• _WORK TASK_
Please give again, exactly, every line of the material from the one containing "For Zeekr 007" to the end, including both of those lines.

• _EXERCISE INPUT_
=======

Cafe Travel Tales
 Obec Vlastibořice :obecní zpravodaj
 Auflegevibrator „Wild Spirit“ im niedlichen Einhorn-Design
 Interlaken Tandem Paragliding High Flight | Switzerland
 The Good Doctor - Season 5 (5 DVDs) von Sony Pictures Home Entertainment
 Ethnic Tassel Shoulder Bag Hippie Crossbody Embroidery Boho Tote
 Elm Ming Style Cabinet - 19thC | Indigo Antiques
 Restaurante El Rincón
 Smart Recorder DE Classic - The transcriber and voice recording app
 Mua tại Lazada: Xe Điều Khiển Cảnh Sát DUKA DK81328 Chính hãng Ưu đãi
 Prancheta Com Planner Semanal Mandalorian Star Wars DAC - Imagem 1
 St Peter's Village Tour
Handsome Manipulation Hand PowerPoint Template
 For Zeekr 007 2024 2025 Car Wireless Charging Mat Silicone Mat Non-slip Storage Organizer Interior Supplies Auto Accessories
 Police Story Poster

=======

• _ANSWER FOR THIS EXERCISE_
 For Zeekr 007 2024 2025 Car Wireless Charging Mat Silicone Mat Non-slip Storage Organizer Interior Supplies Auto Accessories
 Police Story Poster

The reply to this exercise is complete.